Bashir ha riferito che la Banca centrale «non ha valuta estera» e il dinaro siriano è precipitato. Ricostruire la Siria, perciò, sarà un compito colossale. Le città sono in parte distrutte, ampie zone di campagna sono spopolate e abbandonate e il rientro in massa di milioni di rifugiati rischia di aggravare ulteriormente la condizione generale della popolazione. Il pericolo è che le solite monarchie sunnite del Golfo – il Qatar pronto a riaprire la sua ambasciata a Damasco, gli Emirati e l’Arabia saudita – intervengano con finanziamenti per la ricostruzione finalizzati a dare anche una impronta più religiosa e settaria alla Siria, approfittando del carattere integralista del regime che si sta instaurando.
In ogni caso la Siria sarà capitalista e liberista e adotterà un modello di libero mercato ha annunciato ieri il capo della camera di commercio di Damasco Basel Hamwi in una intervista alla Reuters. In realtà, la Siria «socialista» non esisteva più da oltre venti anni. Bashar Assad dopo il suo insediamento aveva dato una svolta capitalista all’economia, mettendo fine in gran parte al welfare diffuso portato avanti dal padre Hafez e dal partito Baath. «Sarà un sistema di libero mercato basato sulla concorrenza», ha detto Hamwi rivolgendosi agli uomini d’affari siriani, arabi e occidentali. Non si sbilancia il ministro ad interim dell’economia, Bassel Abdul Aziz. Per ora si è saputo solo che il sistema doganale, tanto contestato perché ritenuto «asfissiante», sarà abolito.
Occorrono investimenti ingenti se si vuole permettere il ritorno in Siria agli appartenenti alla classe media laica e istruita fuggiti negli anni passati. Non poco dipenderà dalle misure sociali e politiche che adotterà Hts. Dovrà dimostrare con i fatti di non essere più una organizzazione jihadista che aveva come obiettivo quello di abbattere il potere dell’«infedele alawita» Assad per consegnarlo alla maggioranza sunnita del paese.

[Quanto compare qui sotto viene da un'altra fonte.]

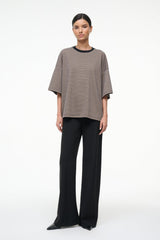 CAPSULE TOP HOUNDSTOOTH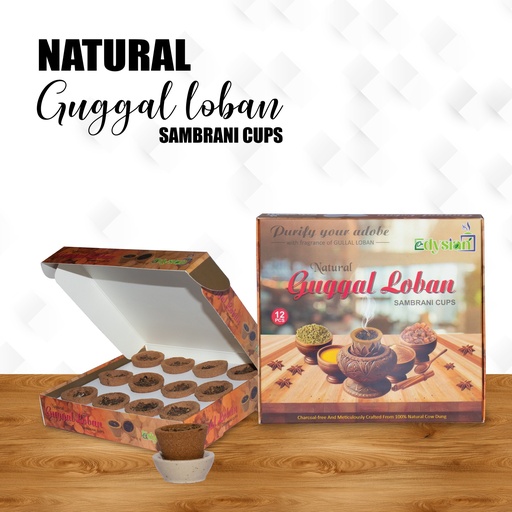 Natural Guggal Sambrani Dhoop Cups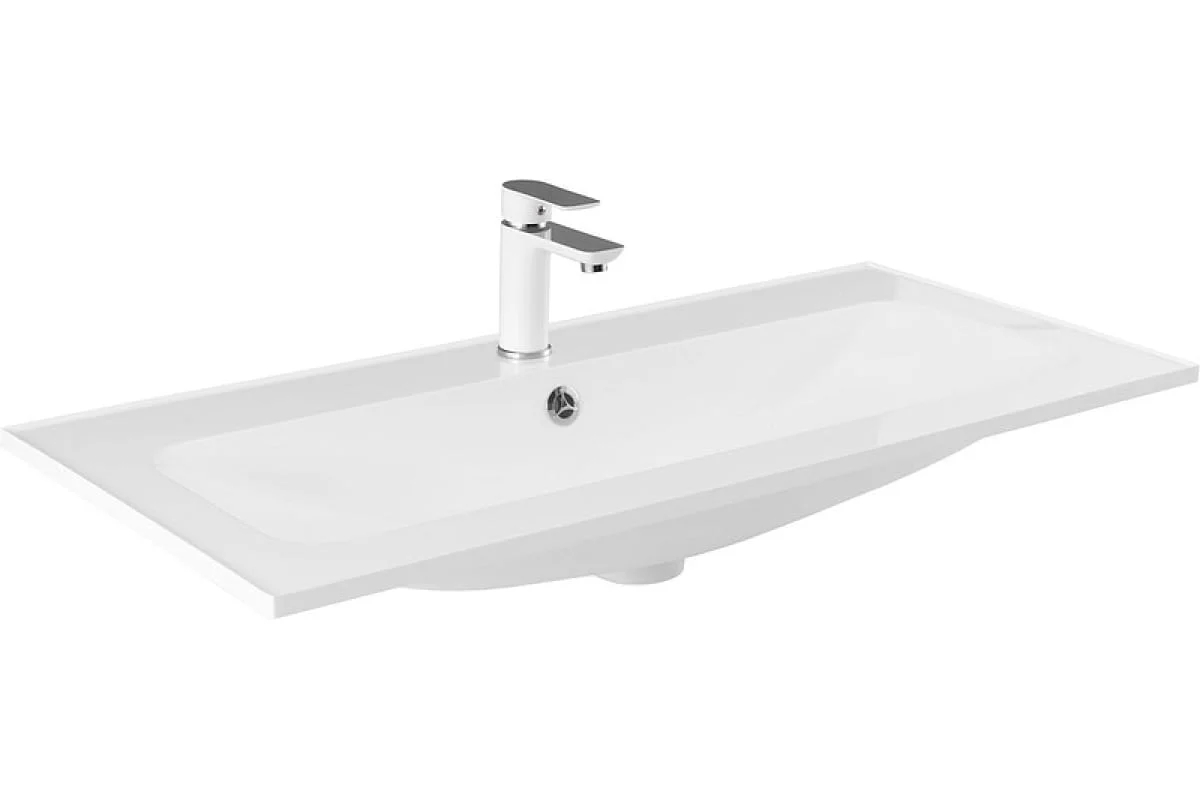 Приобрести aquanet раковина арт 100 98х44 см, белая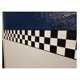 thumbnail image 1 of Borde Rolling Borders Bandera a Cuadros 11.4 cm Borde Negro 4.5 m, 1 of 8
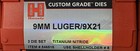 Hornady 3 Die Set Custom Grade 9mm 9X21 #546515 Die Set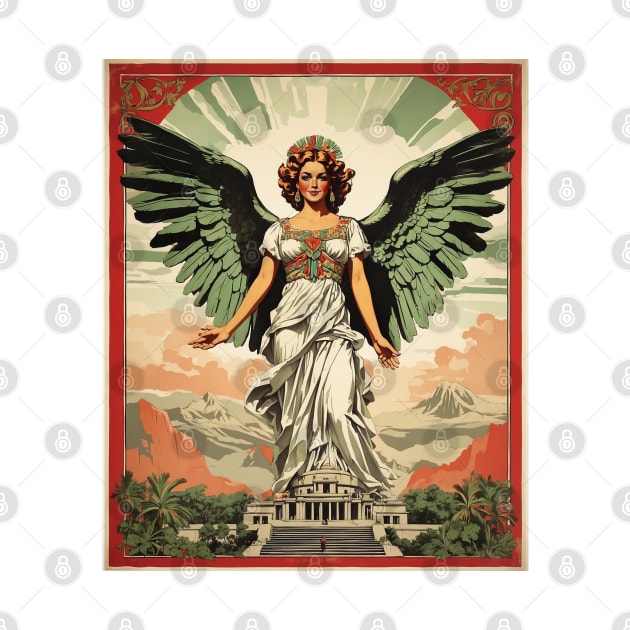 Angel de la Independencia Mexico Tourism Vintage Poster 2 by TravelersGems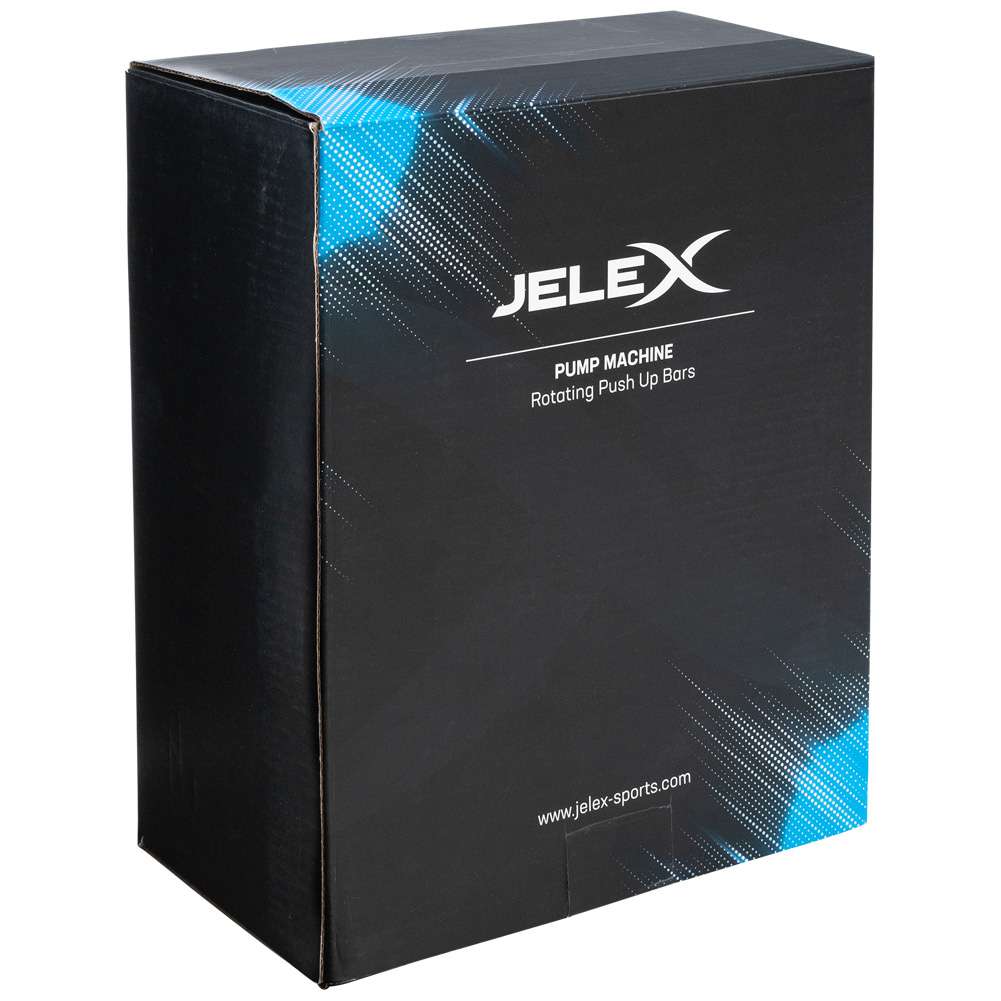 JELEX Pump Machine Push Up Liegestützgriffe gelb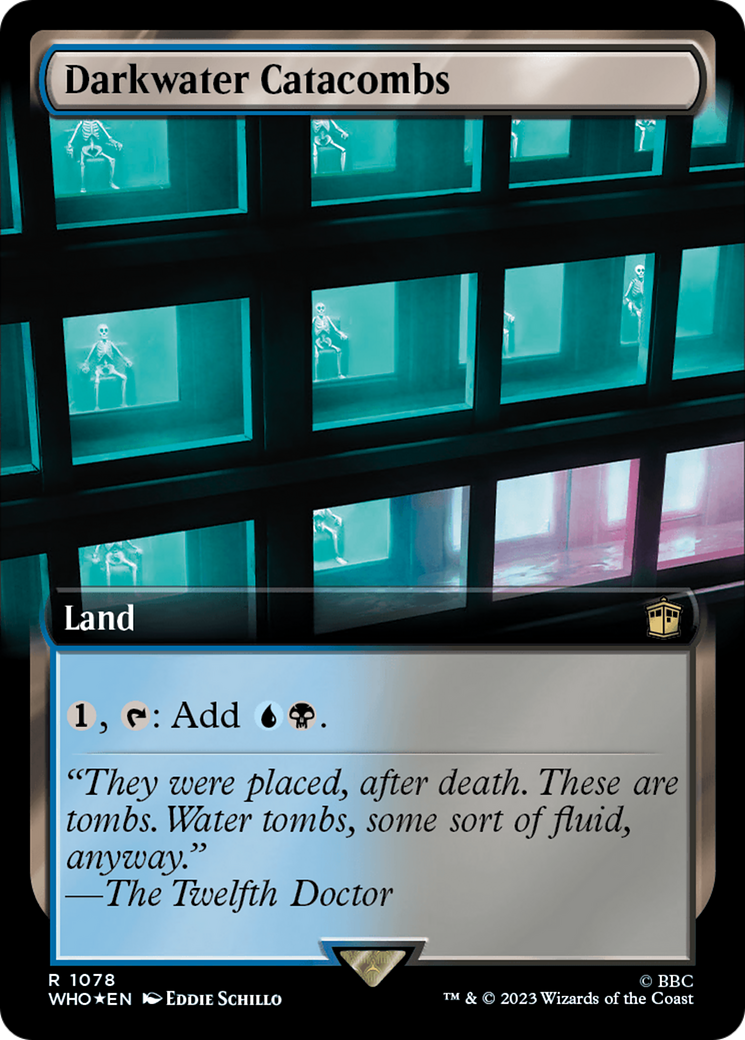 Catacombes de Darkwater (WHO-1078) - Doctor Who : (Extended Art) Foil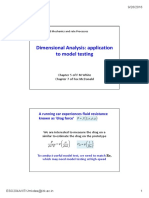 Dimensional Analysis: Application To Model Testing: A Running Car Experiences Fluid Resistance Known As Drag Force'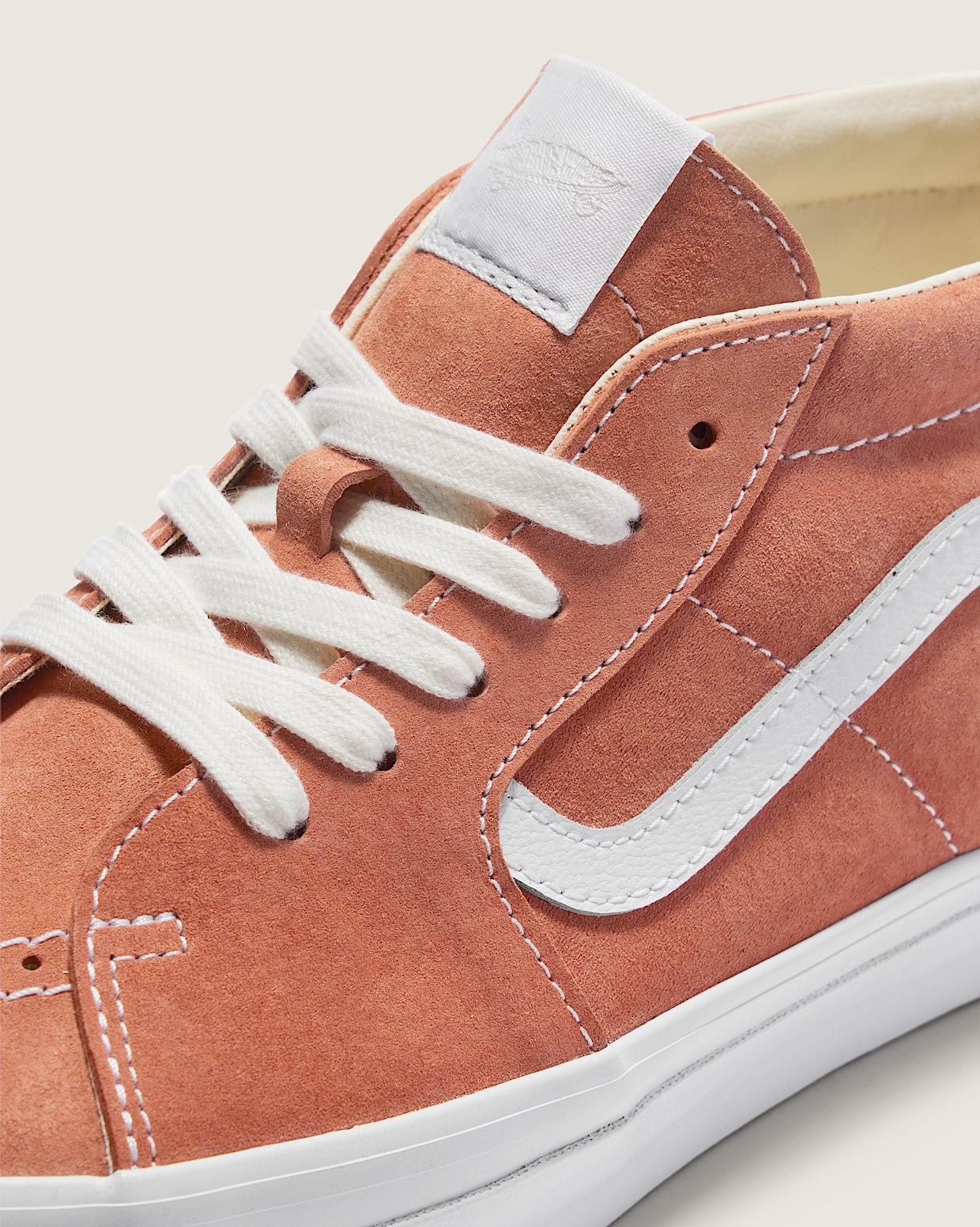 Vans high tops orange on sale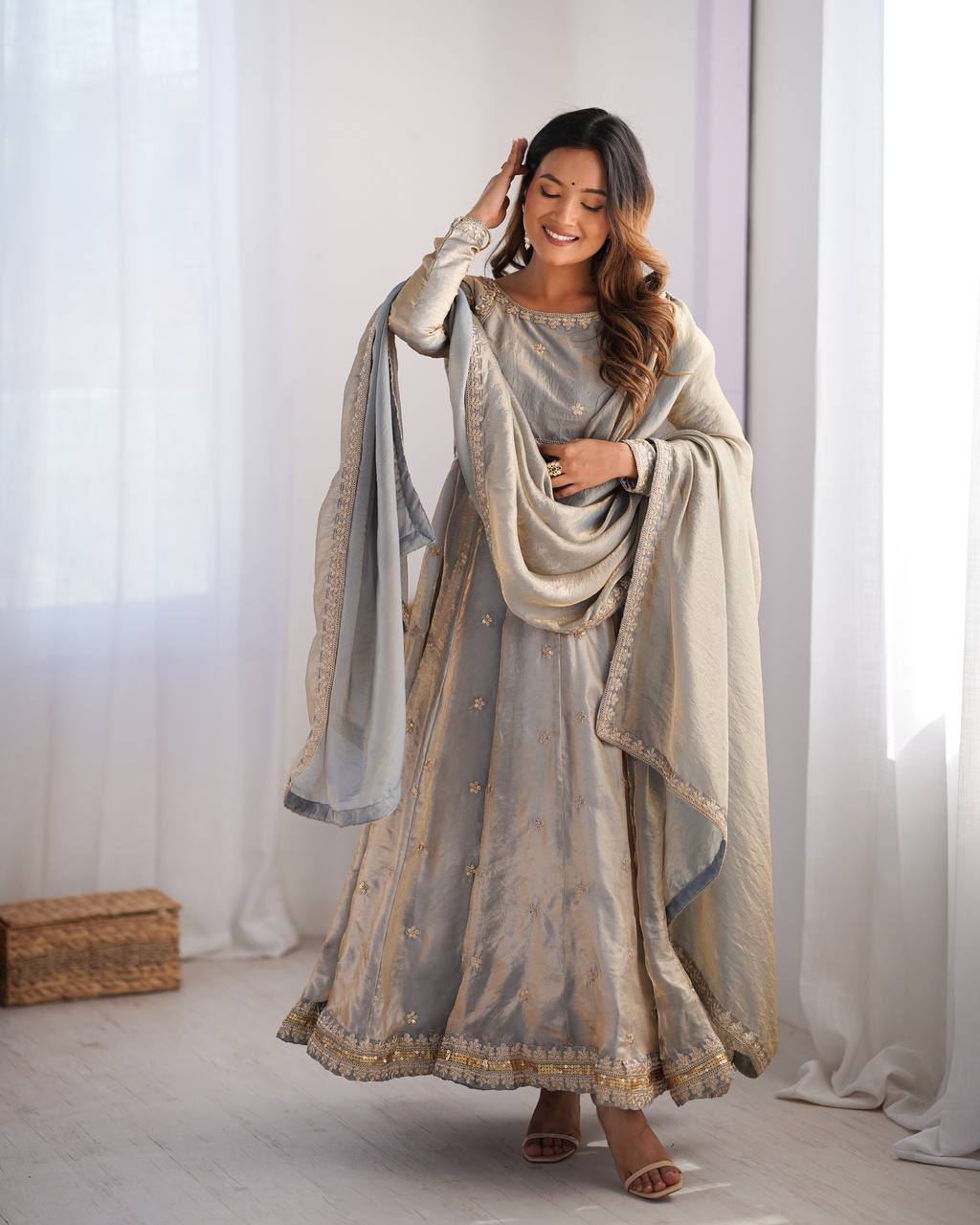 Superior Party Wear Stylish Gown - Ready To Wear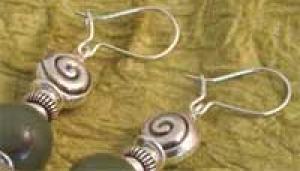 Ear hooks,closeable,length ca. 18 mm,925 Sterling Silver,1 pair,item number 3683 (application example).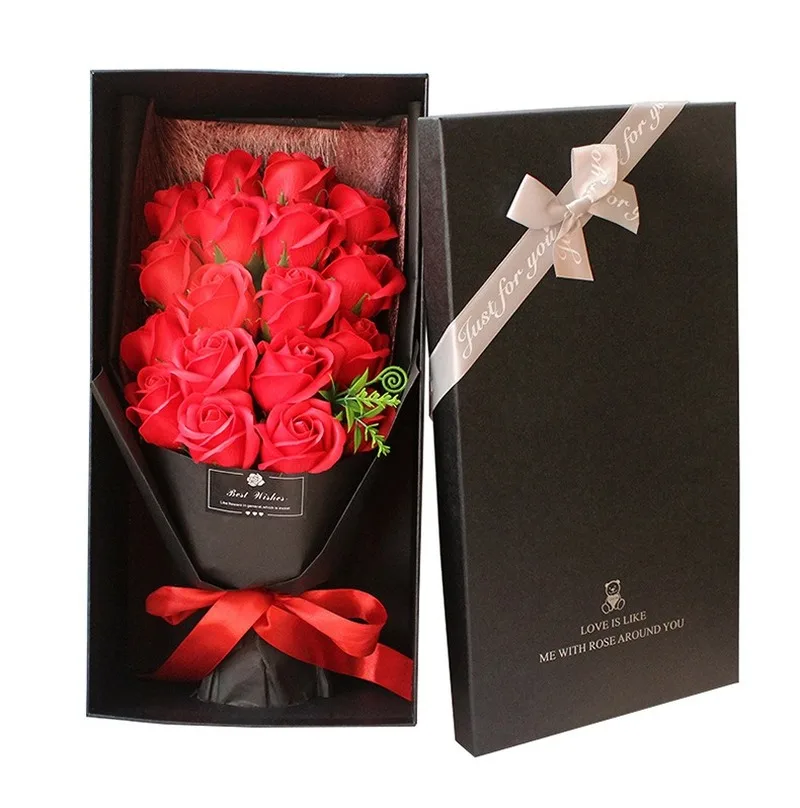 Decoration Creative 18 Soap Roses Bouquet Gift Box Necklace Jewelry Box Handicrafts Mother's Day Romantic Valentine's Day Gifts
Decoration Creative 18 Soap Roses Bouquet Gift Box Necklace Jewelry Box Handicrafts Mother's Day Romantic Valentine's Day Gifts
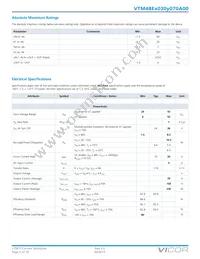 VTM48ET030M070A00 Datasheet Page 2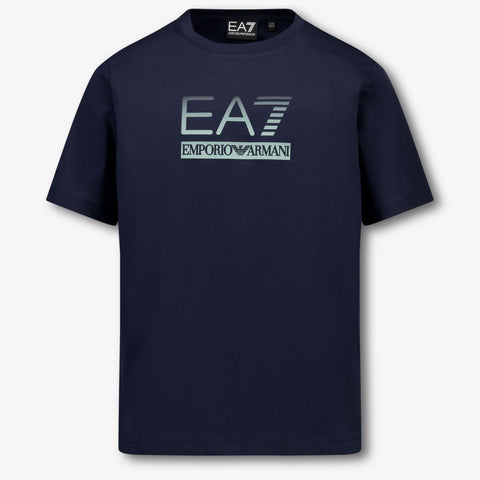 EA7 Kinder Jongens T-Shirt In Navy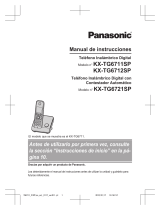 Panasonic KXTG6721SP Instrucciones de operación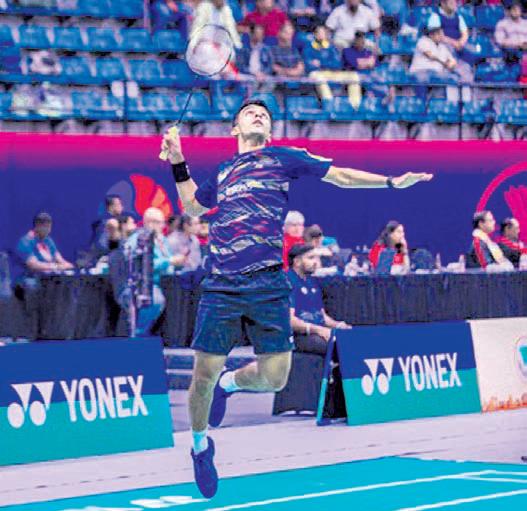 Strong show by Indian shuttlers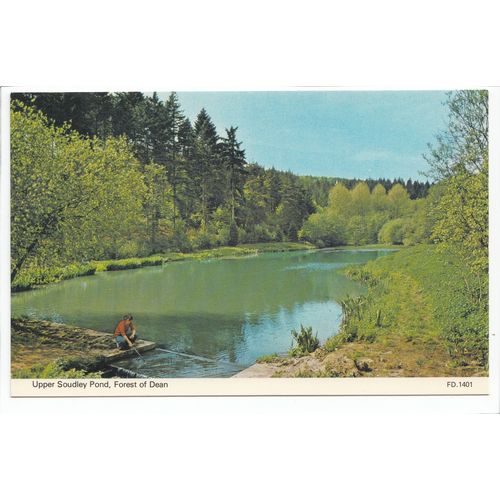 Upper Soudley Pond Forest of Dean Gloucestershire Postcard 1401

Le casse vuote della Siria preoccupano anche l’Iran, principale alleato e finanziatore per anni di Damasco. Uno dei dibattiti emersi a Teheran riguarda se la Siria post-Assad ripagherà mai il debito con l’Iran accumulato negli ultimi 14 anni. Ciò alla luce dell’ostilità delle nuove autorità sunnite di Damasco nei confronti dell’Iran sciita. Non ci sono dati pubblici sul debito della Siria. Tuttavia, le stime che stanno facendo il giro dei social iraniani sono di 30 forse 50 miliardi di dollari.